START SUPPLIED MATERIAL

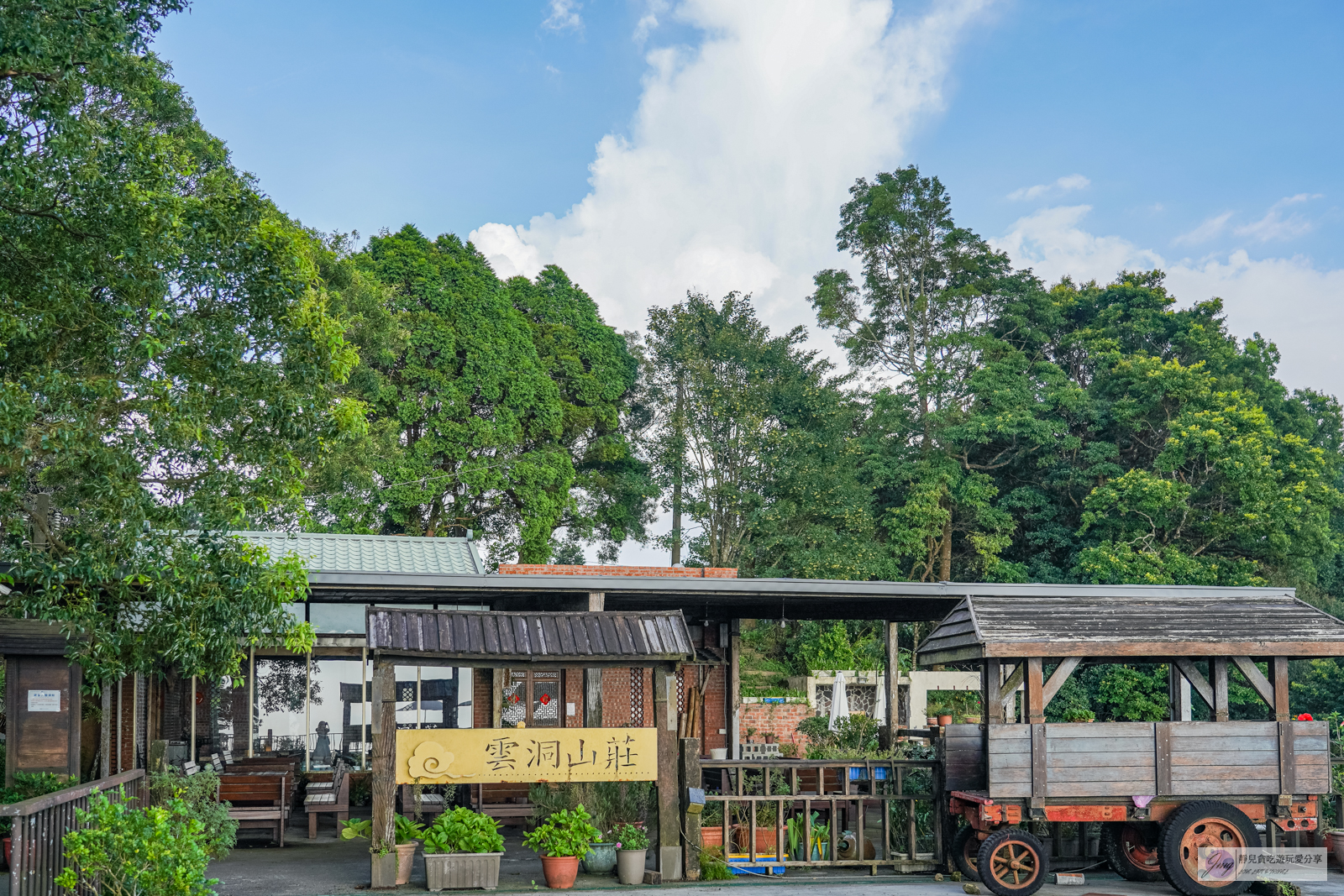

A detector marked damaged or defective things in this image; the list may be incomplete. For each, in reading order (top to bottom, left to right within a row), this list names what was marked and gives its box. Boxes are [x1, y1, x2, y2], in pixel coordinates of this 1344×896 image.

rusty wheel [951, 827, 984, 881]
rusty wheel [978, 827, 1048, 896]
rusty wheel [1107, 822, 1161, 881]
rusty wheel [1156, 800, 1257, 892]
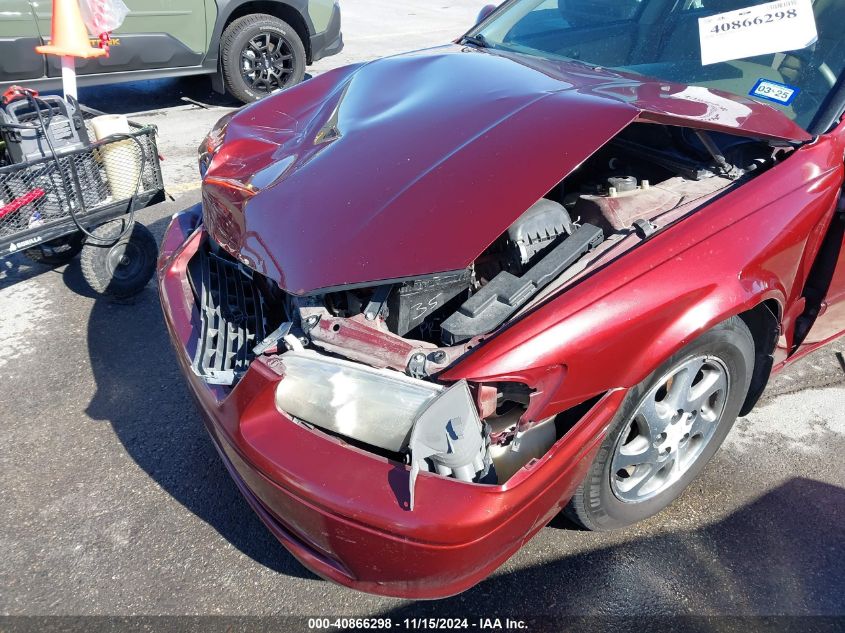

END SUPPLIED MATERIAL

▸ **DIRECTIONS**
Every record must be transcribed faithfully, with no picture carried over.

▸ **YOUR RESPONSE**
A detector marked damaged or defective things in this image; the list may be incomplete. For each, in reading order (top to bottom, left to right within a row), this list names what was marked and gives its box. Boxes are [x1, y1, x2, y2], in pixel coordinates of this 1344×896 image.

rusty wheel [951, 827, 984, 881]
rusty wheel [978, 827, 1048, 896]
rusty wheel [1107, 822, 1161, 881]
rusty wheel [1156, 800, 1257, 892]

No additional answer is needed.